Face à cette situation, l’AFD, en partenariat avec l’Union européenne et le Comité provincial de Cà Mau, a lancé un projet ambitieux. Il vise à construire des digues le long de la côte ouest, entre Cái Đôi Vàm et Kênh Năm, ainsi qu’à mettre en place des ouvrages de protection contre l’érosion côtière dans les zones sensibles, allant de l’embouchure de la rivière Ông Đốc à celle de Bay Hap, dans les districts de Phu Tân et Trân Văn Thoi.
«L’objectif de ce projet, en construisant des brises-lames et en renforçant derrière ces brises-lames la replantation progressive de la mangrove, vise à développer une protection de long terme contre l’érosion côtière sur la côte ouest de la province de Cà Mau. Il s’agit également de préserver cette mangrove, qui est vraiment le premier rempart contre l’érosion côtière. Des activités génératrices de revenus complémentaires pour les populations riveraines seront également développées, afin de diversifier leurs ressources et de garantir une préservation durable de la côte», a expliqué Hervé Conan, directeur de l’AFD au Vietnam.
Le projet s’articule autour de trois axes principaux. Tout d’abord, il renforcera la protection côtière grâce à la construction de 11 km de brise-lames pour préserver 2.000 hectares de mangroves et 15.000 hectares de terres agricoles et résidentielles face aux vagues, aux tempêtes et à l’élévation du niveau de la mer.
Ensuite, il prévoit l’amélioration des infrastructures, notamment par la construction de 19 km de digues côtières et d’une route reliant Cái Đôi Vàm à Kênh Năm, pour stimuler le développement économique et touristique.
Enfin, il cherchera à diversifier les moyens de subsistance en soutenant les activités économiques locales et en mettant en œuvre une reforestation progressive des mangroves pour protéger les écosystèmes.
Pour l’UE, ce projet constitue un modèle pour l’ensemble du delta du Mékong. «Nous avons de grandes attentes pour ce projet, qui combine des approches structurelles et non structurelles afin de traiter efficacement le problème de l’érosion côtière dans la province de Cà Mau.
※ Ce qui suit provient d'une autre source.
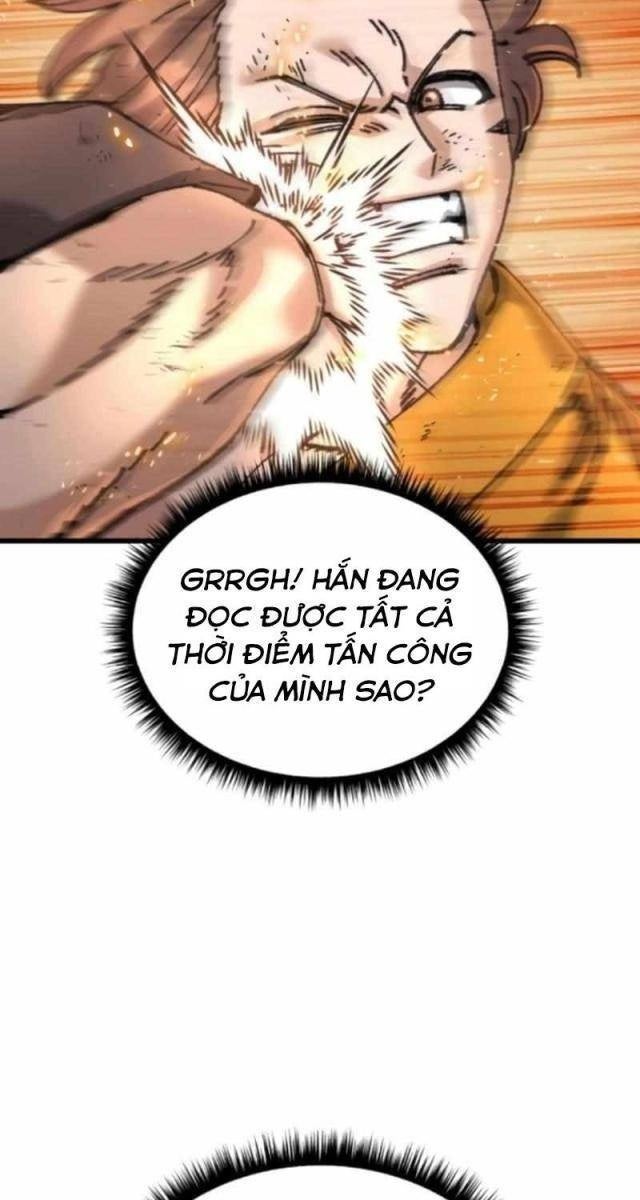 Tôi Đã Hồi Quy Nhưng Tận Thế Không Đến - Page 57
Nous espérons qu’il deviendra un modèle pour le développement d’autres initiatives dans la région du delta du Mékong», a déclaré Julien Guerrier, ambassadeur de l’UE au Vietnam.
D’ici 2025, 30% des travaux devraient être achevés, selon Hervé Conan: «On peut estimer que les entreprises seront recrutées durant le deuxième trimestre 2025. Nous pensons que 30% des travaux devraient être réalisés, comprenant 11 km de brise-lames et 19 km de routes-digues.
En parallèle, l’assistance technique sera recrutée d’ici la fin du premier semestre 2025. Elle accompagnera les services provinciaux pour initier des approches pilotes d’amélioration des revenus en complément de l’aquaculture extensive, qui reste limitée. Cela permettra de favoriser le maintien des populations tout en préservant les mangroves, essentielles à la protection côtière. Toutes ces activités auront démarré avant la fin de l’année 2025.»
Le projet, prévu pour 2024-2028, représente un investissement total de 31,9 millions d’euros, financé par un prêt de 19,17 millions d’euros de l’AFD et une subvention de 3,76 millions d’euros de l’UE. Selon Lê Van Su, vice-président du Comité populaire de la province de Cà Mau, ces financements revêtent une importance capitale. «Ce financement est essentiel pour développer des solutions basées sur des études scientifiques et répondre efficacement aux réalités locales», a-t-il affirmé.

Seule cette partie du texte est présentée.